For the full text (including figures) please download the PDF above.
The challenges of enforcing sanctions against Russian oligarchs have brought the problem of financial secrecy to the fore. Governments in the EU lack the information necessary to identify, locate and freeze the assets of Vladimir Putin‘s entourage. What is missing is an EU-wide asset register that would not only shed light on the wealth of sanctioned individuals, but also help in Europe‘s fight against financial crime. This policy brief outlines the steps needed to build an interconnected EU asset register based on existing data collection requirements. Such a register could be practically implemented in the context of the ongoing overhaul of the EU anti-money laundering legislation.
In response to Russian president Vladimir Putin’s brutal war against Ukraine, the EU and its partners enacted sanctions against Putin’s entourage and other members of the Russian political and economic elite. The allies agreed to cut off these individuals from the financial system, freeze their assets and block their property from use. However, it is proving difficult to effectively crack down on the assets of Putin’s cronies, who often make use of sophisticated concealment practices that can hide not only the real owner of wealth, but also its location and sometimes even its very existence.
The leaders of the European Commission, France, Germany, Italy, the United Kingdom, Canada and the United States therefore committed to launch a transatlantic task force on the implementation of financial sanctions. As a practical proposal to end the wealth secrecy benefiting Russian tycoons, Italian Prime Minister Draghi proposed the creation of an international register of Russian citizens owning assets worth more than ten million euros. A global wealth register would indeed help identify, locate and freeze the assets of Russian elites and their family members – their yachts, safe deposit boxes, company shareholdings and real estate property.
However, Draghi’s proposal has two major drawbacks. First, to make a global register work, all major financial centres in the world would need to participate. Second, the problem of wealth secrecy is much larger than the handful of Russian individuals that Western countries have placed on their sanction lists. Financial opacity is the basis for financial crime more generally, which is estimated to amount to between 117 and 210 billion euros per year in Europe alone. The creation of a wealth register should therefore not be limited to Russian oligarchs.
Launching such a register at the European level would be a realistic undertaking. EU member states have already established national registers for some types of assets. This pre-work could form the basis for an EU asset register. Setting up such a European register would take time and therefore not immediately solve the problem of enforcing the sanctions following Putin’s invasion of Ukraine. But it would give EU governments an effective tool to better enforce sanctions in the future and vastly improve Europe's ability to fight money laundering and terrorism financing.

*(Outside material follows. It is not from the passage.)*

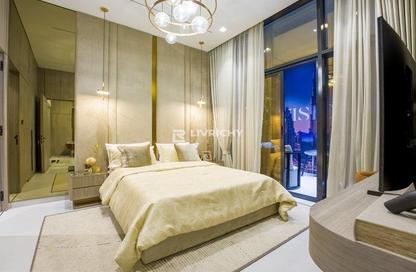 Apartment - 1 Bedroom - 2 Bathrooms for sale in DGM Vision - Jumeirah Garden City - Al Satwa - Dubai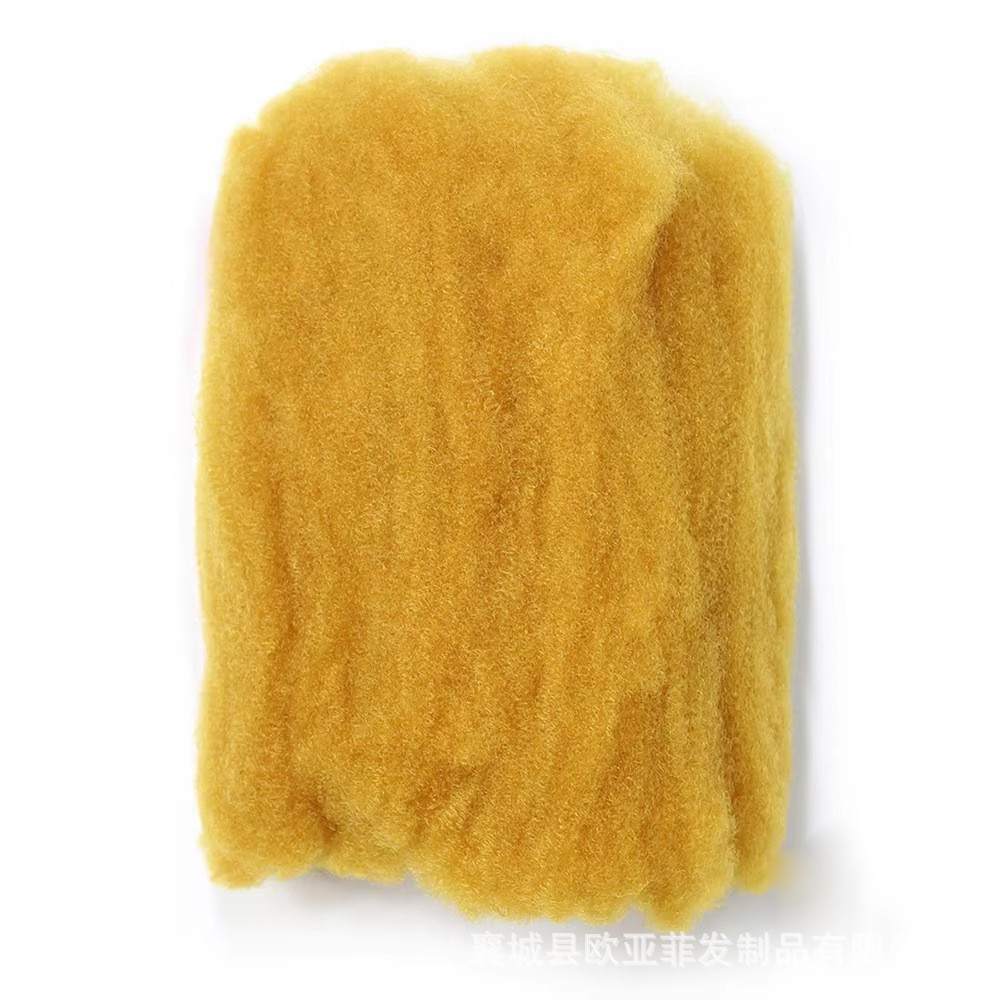 Human Hair Dreadlock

To pull illicit financial flows out of the dark, this paper proposes an interconnected EU asset register. The ongoing review of EU anti-money laundering legislation offers the chance to close the gaps in the existing national asset registers and link them to build a fully-fledged EU asset register overseen by a European anti-money laundering authority (AMLA), which the Commission has proposed to create.
1 Why we need an EU asset register
The recent Suisse Secrets revelations, the largest-ever leak from a major Swiss bank, have demonstrated once more how ‘offshore’ structures help drug lords, corrupt officials, fraudsters, and sanctioned individuals to hide dirty money or send it around the globe unnoticed. With the aim to remain in the dark, criminals set up complex networks of companies and trusts through which they control their real estate property, financial instruments or luxury goods. They name middlemen as directors of their companies or install nominees as official trust beneficiaries to further disguise their wealth ownership. Finally, they hold their riches outside of their country of residence and establish the intermediate undertakings in a third country.
Cross-border arrangements prove effective in concealing wealth because national police, tax inspectors, and law enforcement bodies only have access to the information they collect for themselves. There are possibilities for exchanging information among different authorities within one country and between authorities from different countries. However, decentralised data storage, incompatible data formats, and overly strict data protection rules hamper the smooth exchange of information. As a result, national authorities trying to freeze the wealth of sanctioned persons or investigate the criminals behind illicit financial flows struggle to track down assets and identify the real owners. Hence, according to Europol, only about 2% of suspicious assets are seized and only 1% are ultimately confiscated.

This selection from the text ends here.